- Writer: Joshua Williamson
- Artist: Mike Henderson
- Color: Adam Guzowski
- Letters: John Hill
Neck stabs, kidnappings, and mystery! Yep, Nailbiter is back this week and it’s just as sick and depraved as I remembered. If you haven’t given this book a shot (which is a colossal, mistake by the way,) please do yourself a favor and pick up the first trade. Speaking as someone who actively and aggressively avoids the horror genre in general, that first arc was easily one of the best things to come out of comics in 2014. So, so, freaking good.
But for the uninitiated and those in need of a catch-up, here are the bare bones to the story: a small town in Oregon has become the birthplace to sixteen of the world’s worst serial killers. When an obsessive FBI agent goes missing while investigating the town’s secrets, his best friend, an Army interrogator named Nicholas Finch, goes looking for him. To find his friend and unravel the town’s mysteries, Finch will have to side up and work with everyone from the town sheriff to the aptly named “Nailbiter” killer.
Nailbiter #10 picks up right where the last issue left off. Driven insane by the memory of children he’s seen grow up to be murderers, a school bus driver has kidnapped his young students and aims to kill them before they can become tainted by Buckaroo’s “curse.” Hurtling towards the depths of a lake, Finch and Sheriff Crane have to stop the crazed driver before one more Buckaroo Butcher is added to the list.
Essentially a one-off issue, the newest Nailbiter was very hit or miss. On the one hand, Joshua Williamson continues to show a true talent for inspiring terror. The man also knows how to keep things fresh. After a few too many panels of crucified teenagers or gnawed fingertips, some fans may become desensitized to the overtly graphic violence. Williamson stops that from happening by utilizing a new brand of fear in this issue. The newest pages may lack the blood and the guts, but they do offer something else; the very real possibility for dozens of children to drown to death in a lake. That may not make you want to pull a blanket over your eyes, but it’s the kind of reality-based tragedy that could actually happen. In a way, that makes it all the more frightening.
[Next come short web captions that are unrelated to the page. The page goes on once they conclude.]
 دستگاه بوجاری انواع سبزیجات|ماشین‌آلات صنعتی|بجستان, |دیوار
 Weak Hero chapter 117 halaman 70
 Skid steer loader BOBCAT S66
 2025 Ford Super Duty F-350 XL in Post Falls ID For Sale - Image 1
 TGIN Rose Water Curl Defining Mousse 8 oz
The issue also ends in awesome fashion. While the plot has been a bit up and down since the story peaked in issue #5, Williamson seems to have settled in for a great new direction.
On the downside, this may well have been the worst issue yet. That’s not entirely uncomplimentary either; a bad day for Nailbiter is a pretty great day for other comics. Unfortunately, this issue was kind of all over the place. The events at the lake wrapped up too nicely, there were plot holes galore, and the whole issue seemed a bit out of place from the world Williamson has created.
Also, and this may just be me, but I feel like I’m getting nothing but stick from the mystery. You’ve got to give me some of the carrot, Williamson. I’m dying here. There’s facet after facet of new mystery without an answer in sight.
As a strong positive, the art continues to impress. Henderson and Guzowski create pages that are gritty and realistic enough to convey struggle and fear, but at the same time, they’re still aesthetically pleasing. By abandoning the muted black and white slog many horror comics chose to go with, the colored panels make for an interesting mix of terror and fun. If a more sparse publishing schedule means that this combination of story and art continues, I’m all for it.